The Constitutional Court Wednesday rejected a plea by Osman Kavala, a businessman linked to the 2013 Gezi Park riots as well as the Gülenist Terror Group (FETÖ), who was arrested two years ago. Kavala's lawyers had claimed their client's rights were violated by the arrest.
An indictment seeking lifelong aggravated imprisonment for 16 suspects, including Kavala, for their alleged role in trying to overthrow the government by inciting the 2013 Gezi Park protests was accepted by a court in March.

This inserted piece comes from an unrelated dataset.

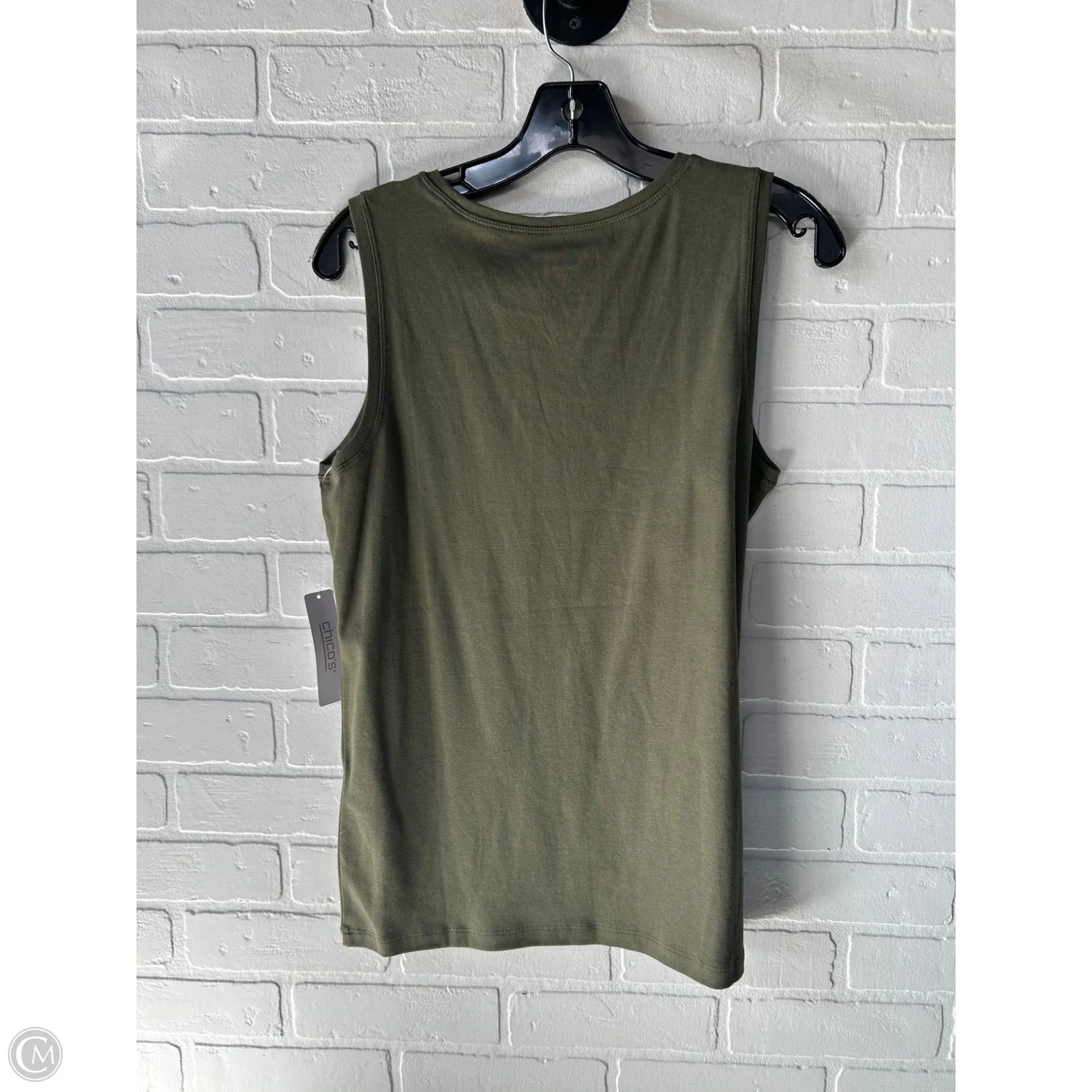Top Sleeveless Basic By Chicos In Green, Size: M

The indictment citing 746 plaintiffs, including President Recep Tayyip Erdoğan, accuses the suspects of financing and coordinating actions and protests that took place during the Gezi Park riots in 2013, while claiming that they had been involved and directed the aspects of an uprising since 2011. Prosecutors accuse defendants of holding a series of meetings to plan the riots and contacting foreign activists on how to launch riots. It said the defendants "at best wanted to force the government to resign or call early elections" and were making efforts "to prepare the grounds for a civil war or coup" if that did not happen.
Osman Kavala, who is known as the "Turkish Soros" for his links to famed Hungarian tycoon George Soros and worked with the latter's Open Society Foundation for nonprofit work, was accused of being chief financier and organizer of the riots.
Hundreds of thousands of people marched in Istanbul in June 2013 in what began as a peaceful protest against a plan to build a replica of an Ottoman barracks on Gezi Park in the city center. Following a harsh response by the police, which is now blamed on FETÖ, the protests turned into nationwide demonstrations and riots against the government of then-Prime Minister Erdoğan. At least 10 protesters and one police officer died during clashes or events related to the protests, while thousands of others were injured. Terrorist groups including the PKK and the far-left Revolutionary People's Liberation Party-Front (DHKP-C) and various other fringe groups also jumped on the occasion, attacking security forces or taking part in rioting.